Start with good saltwater
In order to be successful, you want to have saltwater that is appropriate in parameters and as sterile as possible. Reverse Osmosis\De-Ionized (RODI) water is ideal to use with a reputable salt mix such as Instant Ocean’s Reef Crystals. Here in Southern California, we are lucky to have companies that take water from our local beaches and process them into clean saltwater – we have had great luck with it.

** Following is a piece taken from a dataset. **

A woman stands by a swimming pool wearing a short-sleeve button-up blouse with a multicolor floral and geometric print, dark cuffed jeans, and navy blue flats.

If you start with good saltwater you eliminate any unknowns and potential contaminants that are often present in tap water.
Keep the parameters ideal
Saltwater aquarium parameters is a topic that deserves its own article and has much detail. However, for this article, I would summarize the numbers below as ideal and my belief is that if you keep the water in these ranges you will have success. The numbers below are for FISH-ONLY aquariums and not for a living reef which is similar but needs to be covered separately.
Salinity 1.019 – 1.026
Ammonia – 0
Nitrate – 50 or lower *
* Fish can often live with much higher nitrate numbers but algae becomes an issue, sharks and rays have issues with it, and even if the fish live they often develop physical unattractive disfigurement.
The routine below is what we recommend for most saltwater aquariums, variations of this often are warranted but for the most part, this does the trick.
– Replace or clean any mechanical filters such as filter pads or filter socks. Keeping them dirty with water running through them will elevate nitrates in a matter of days so you want to keep them clean and weekly is easy to remember and most practical.
– Check your equipment and make sure everything is running as it should – this takes only a minute and is worth doing – you don’t want to lose your fish because your chiller was off for a week.
– Observe the fish for issues – this is something you are probably doing daily anyway but it’s worth paying attention to fish behavior and feeding habits in more detail.
– If you have a protein skimmer (which we feel is a must), clean the neck and the skimmer cup weekly – the skimmer will perform better.
– Do a 20% water change – this is a standard amount we use that is small enough not to stress the fish and big enough to make a difference in water quality. At times, water changes can be skipped if water parameters are ideal, but in our experience and given the number of fish most folks keep this works well.
– Clean any algae off the aquarium panels and off of any surfaces such as rocks and decorations. It’s easier to do a small cleanup every two weeks and keep the tank looking good vs. spending more time cleaning more algae every month+.
– Test the water. To some people, this may sound infrequent and if a problem occurs you want to test the water right away. But, if things are good and you followed the routine and use good saltwater there is no need to test more often.
Saltwater aquarium maintenance can be simple and even fun and therapeutic. If you follow a few simple rules and use the routine we recommend I think you will be happy with the results.